A5: If the feedback signal in SLB is allowed to be binary, it actually makes a VERY strong assumption about the noise. Note that Eq. (1) of GLB is equivalent to y_t=x_t^\top w_* + e_t, where e_t is a zero-mean random noise. If the feedback signal in GLB is binary (e.g., 1 and -1), it means e_t is either 1 - x_t^\top w_* or -1 - x_t^\top w_*, and its distribution is also determined due to the zero-mean requirement. In other words, the noise in GLB needs to be binary and depends on x_t^\top w_*, which is unusual and lacks justifications. So, we argue it is more natural to use the logit model to handle binary feedback.
--Assigned_Reviewer_4
Q6: 1. In Eq. (12), where does the \beta/2 come from?
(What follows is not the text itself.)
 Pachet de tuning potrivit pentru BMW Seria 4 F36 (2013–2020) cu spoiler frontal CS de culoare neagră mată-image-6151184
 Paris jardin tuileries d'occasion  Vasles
A6: We introduce \beta/2 because the proof of Theorem 3 (Line 1559 of the supplementary) requires $\gamma_T \geq R^2 \beta/2$. We will remove \beta/2 from Theorem 1 and introduce it in Theorem 3.
Q7: In Figure 3, it would be more interesting if x-axis is the actual running time …
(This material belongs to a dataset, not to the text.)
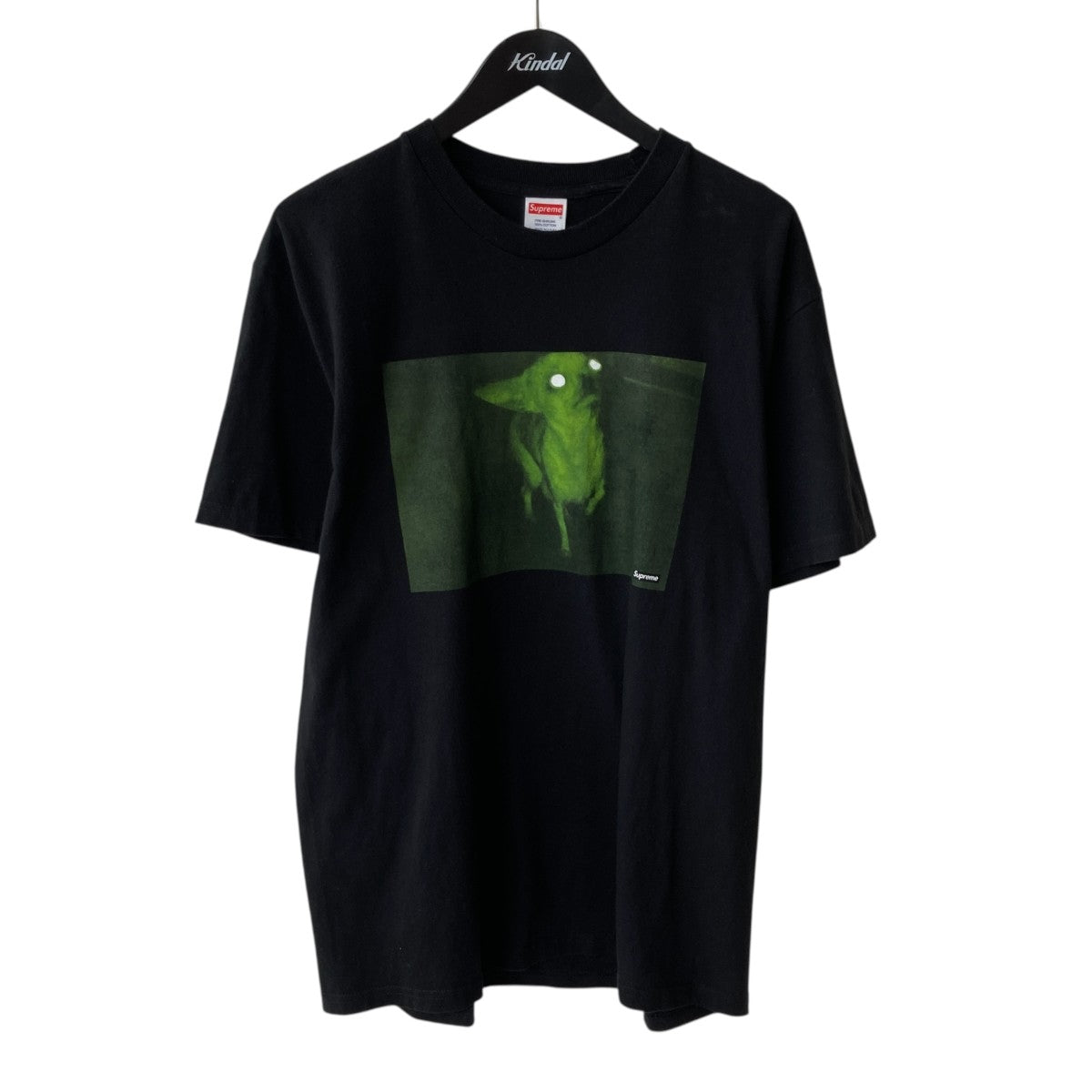 Supreme 18AWChris Cunningham Chihuahua TeeTシャツ 古着・中古-1枚目のアイテム画像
A7: Thanks for the suggestion. We will revise the experiments accordingly.
--Assigned_Reviewer_5
Q8: Related works. The structure of Section 2 is a bit weird …
A8: Thanks for these suggestions. We will reorganize Section 2 accordingly.
Q9: Missing References. … I believe there are other ways to perform online logistic regression, like Stochastic Gradient Descent (see e.g. [Bach, Adaptivity …, JMLR 2014]) … I believe that in the paper by Chapelle and Li on the use of Thompson Sampling …
A9: We agree that other algorithms can also be used to perform online logistic regression. We choose online Newton step because it allows us to construct a tight confidence region. We will add discussions about using “SGD of Bach” and “Thompson Sampling of Chapelle and Li” to improve the efficiency.
Q10: The theorems. In the proof of Theorem 1, rather that the gradient of \bar{f_t} …
A10: Thanks for these suggestions. We will improve the writing accordingly.
Q11: The experimental section is not very satisfying … which parameters are used in GLB (theoretical parameters or manually tuned?) …
A11: Thanks for these suggestions. We will revise the experimental section accordingly. The parameter of GLB is manually tuned. We will compare with Thompson Sampling and heuristic GLB with online logistic regression.
Q12: This algorithm does not appear to handle non-static context set (D_t in place of D) … can this be improved?
A12: Similar to OFUL, our algorithm can handle the non-static context, that is, we can use D_t instead of D. It is easy to verify this claim by checking the proof of Theorem 3 in the supplementary, which follows the analysis of OFUL. We will elaborate this point in the final version.